O dönemde kendisine altın tepsi içinde hükümeti sunanların “apoletliler” olduğunu söylemeye gerek var mı?

Dönemin Genelkurmay Başkanı Org. İsmail Hakkı Karadayı geçen hafta internete düşen ses kayıtlarını istediği kadar inkar etsin; vaktiyle Mesut Yılmaz'a söyledikleri gerçeğin ta kendisidir.

*

Süleyman Demirel, -Fikret Bila'ya- 28 Şubat sürecinde Karadayı'nın devlet adamlığına yakışan bir tutum sergilediğinden bahsediyor!

“Devlet adamlığına yakışır tutum” ne miydi?

-Darbe yapmak!

28 Şubat'ı darbe olarak kabul etmiyor, Demirel…

“28 Şubat Anayasa ve yasalara uygun, demokratik yöntemlerin uygulandığı bir olaydır” diyerek tam bir uçuşa geçiyor.

28 Şubat'ın, mesela 12 Eylül gibi klasik darbelere “şeklen” benzemeyişi onun darbe olmadığını göstermez.

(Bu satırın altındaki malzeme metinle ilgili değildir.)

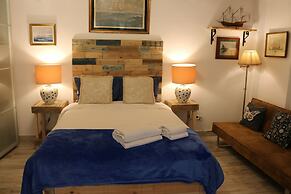 Geronimo Guest House Belém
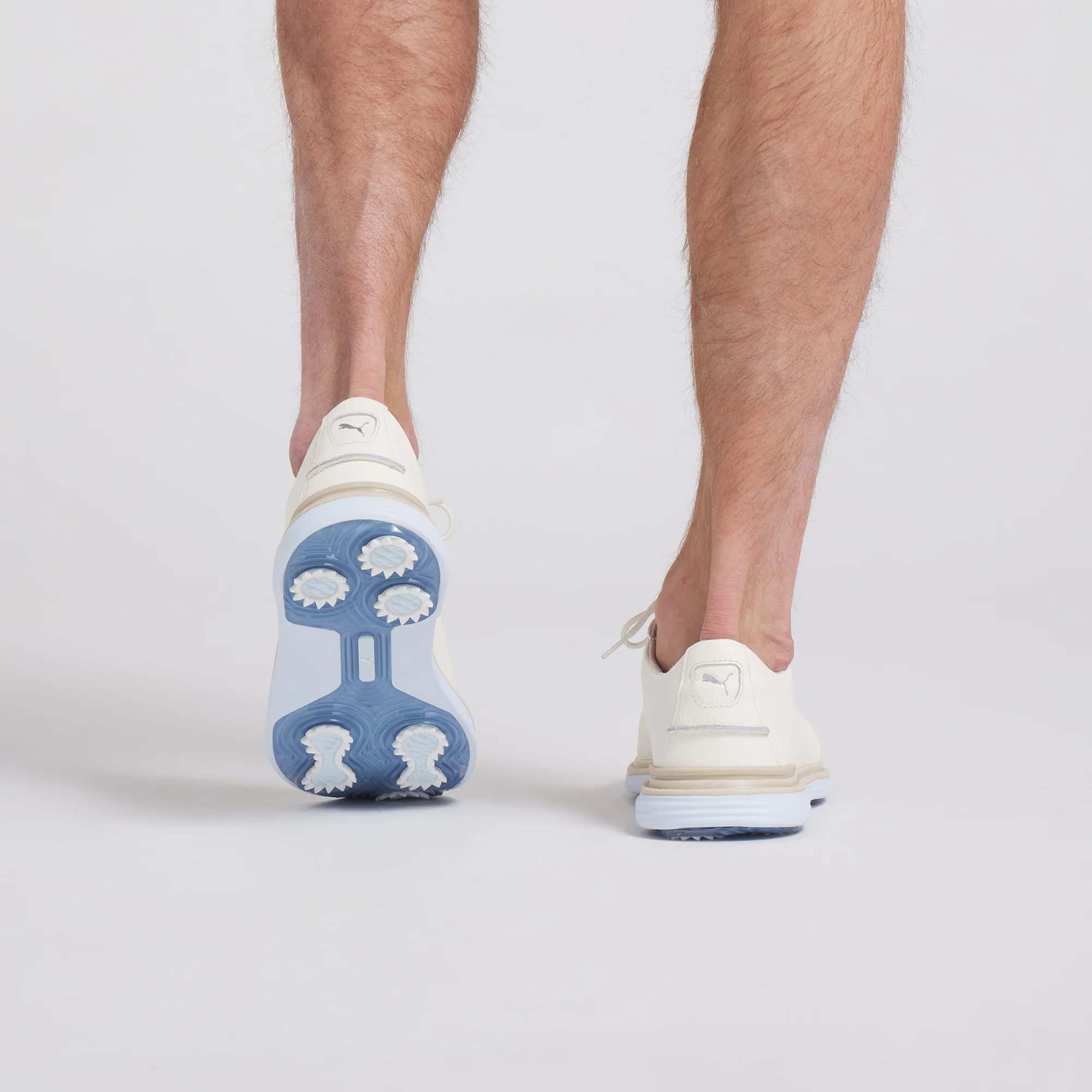 Royale Golf Shoes - Image 22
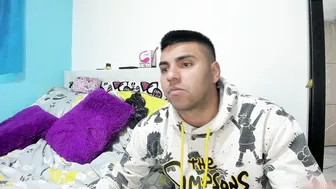 scarletandryan28 recorded nude video 37002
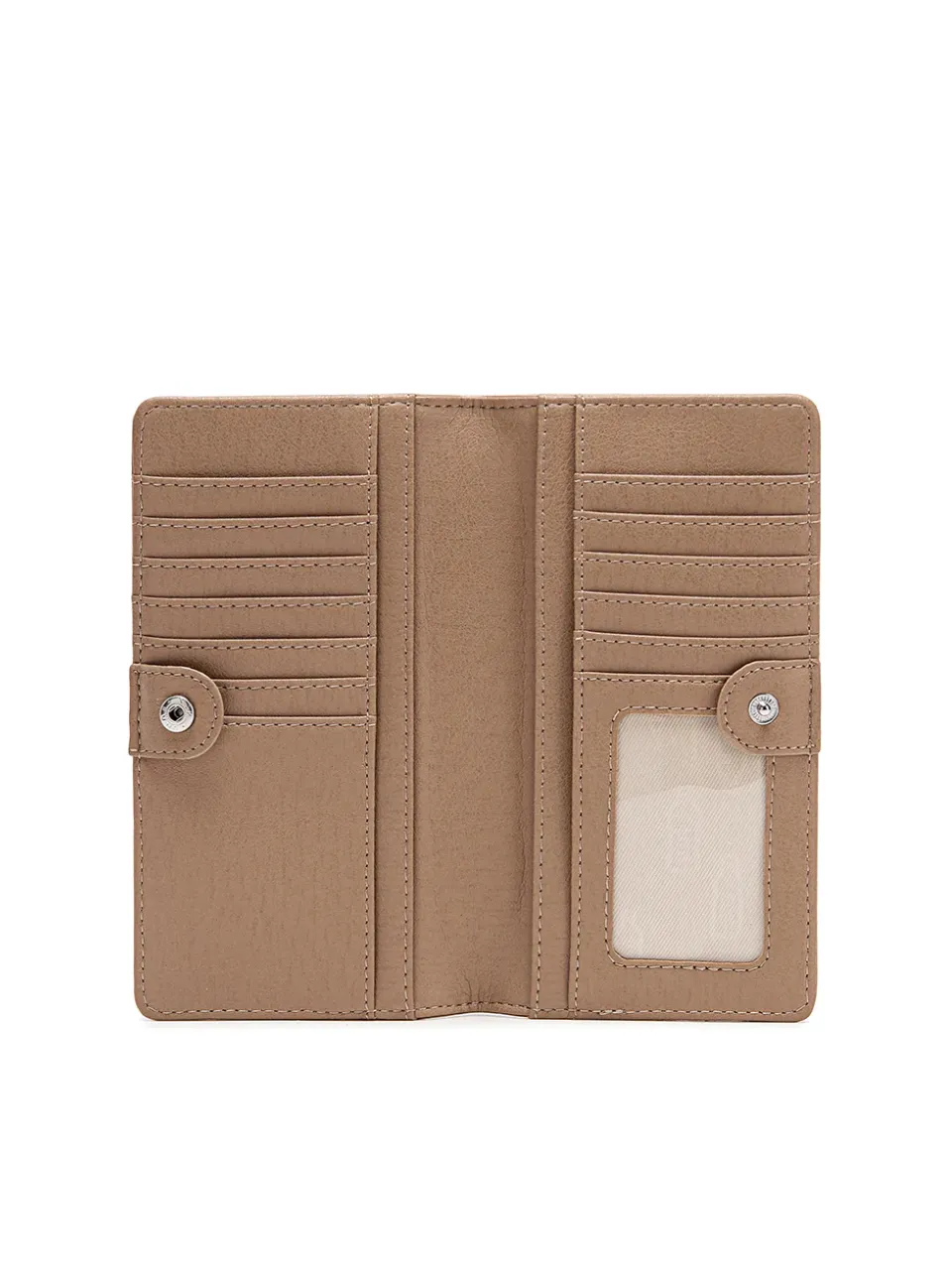 PIXIE MOOD Sophie Wallet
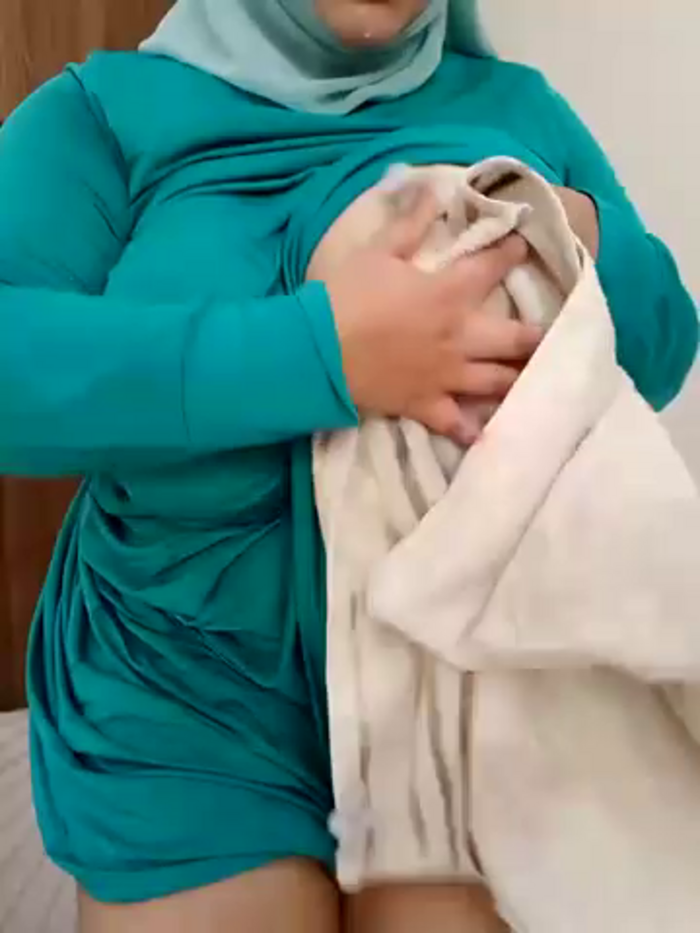 AmalArabic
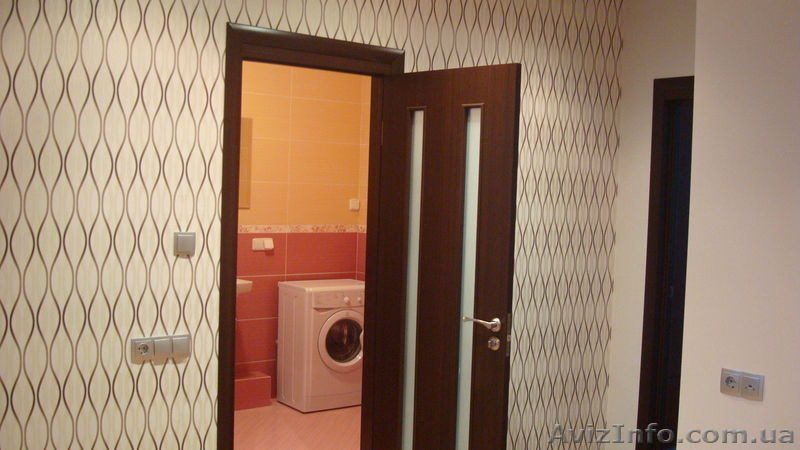 Срочная сдача, Чавдар Елизаветы 1 - <ro>Изображение</ro><ru>Изображение</ru> #5, <ru>Объявление</ru> #1518915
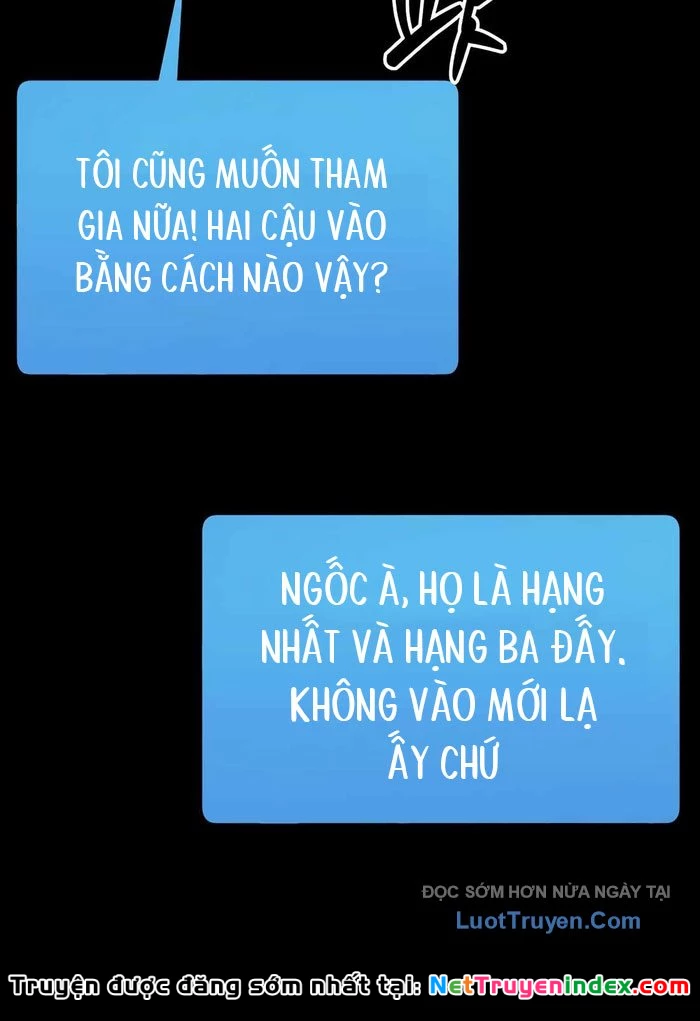 Đi Lên Từ Đáy Xã Hội Chapter 48 - 74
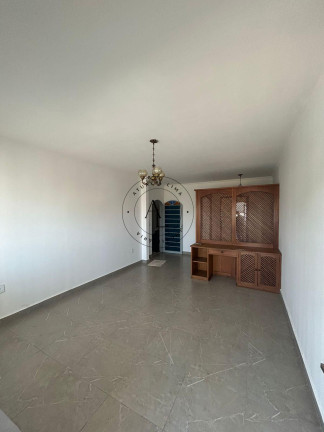 Imagem Apartamento com 2 Quartos para Alugar, 85 m² em Parque Taquaral - Campinas Imagem Apartamento com 2 Quartos para Alugar, 85 m² em Parque Taquaral - Campinas
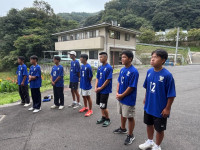 ボート10月12日⑧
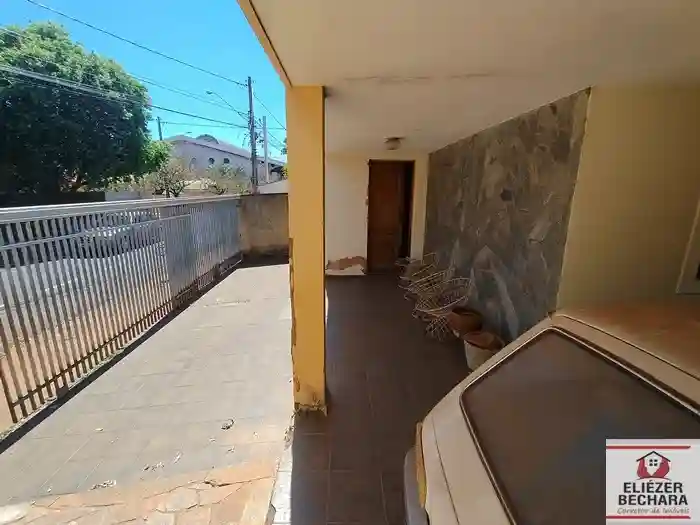 Casa com 3 quartos à venda, 142m² — foto 19 de 22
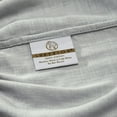 View all media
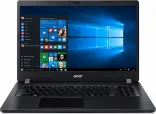 Купить Ноутбук Acer TravelMate P2 TMP215-52 (NX.VLLEU.00R)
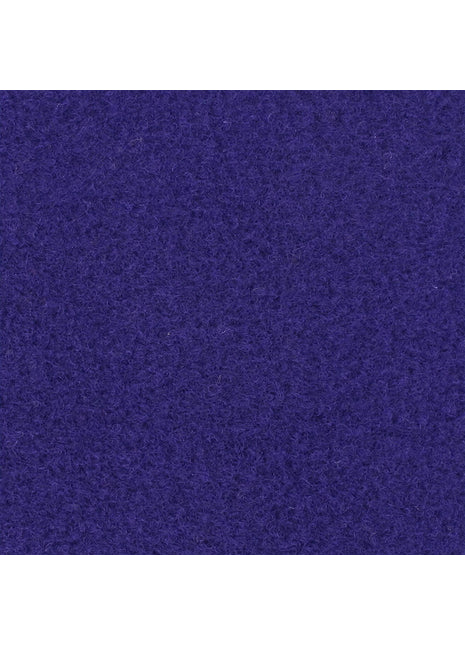 Violet Luxury Exhibition & Marquee Carpet from Eventcarpetsonline.co.uk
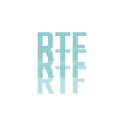 Royal Tex Fab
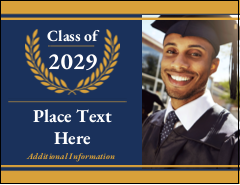 Class Of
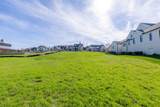 9040 Passiflora Ct - Photo 13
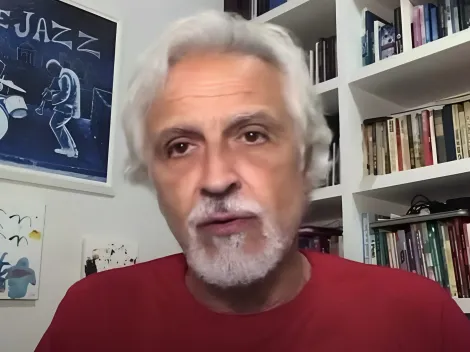 Quer usar a grana do M. Leonardo: Sormani ‘sai da casinha’ ao pedir +3 camisas 10 no Santos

Refahyol'un kurgusal bir süreçle cendereye alınarak finalde “paketlendiği”; ardından Statüko'nun has adamı Mesut Yılmaz'a başbakanlığın “altın tepsi” içinde sunulduğu bir sürecin demokratik ve meşru olması mümkün değildir.

“28 Şubat” ve “demokratik yöntemler” zıt anlamlı sözcüklerdir.

Gizli kalan yönü itibarıyla en “ağır” darbedir, 28 Şubat:

O döneme ait “faili meçhuller” tüm boyutlarıyla gün ışığına çıkarıldığında; perdenin arkasında hangi akla ziyan, hangi şok edici kirli yöntemlerin uygulandığını bütün Türkiye öğrenecektir!

*

“Yirmi Sekiz”lerin Demirel dönemin başbakanı Erbakan'a hiç kimsenin “istifa”yı telkin etmediğini iddia ediyor:

“-Ben de istifa et demedim. Hatta ben kendisine neden istifa ediyorsun diye sordum. O da 'Ortalık gergin, gerginliği sona erdirmek için istifayı uygun gördüm' cevabını verdi…”

Süleyman Bey, “postmodern komedisi”ni neden Mesut Yılmaz'ı başbakan olarak görevlendirdiğini anlatırken de sürdürüyor:

“Koalisyon ortaklarının anlaşması Cumhurbaşkanı'nı bağlamaz. Güvenoyu alabileceğini öngördüğüm için Yılmaz'ı görevlendirdim. Nitekim güvenoyu aldı.”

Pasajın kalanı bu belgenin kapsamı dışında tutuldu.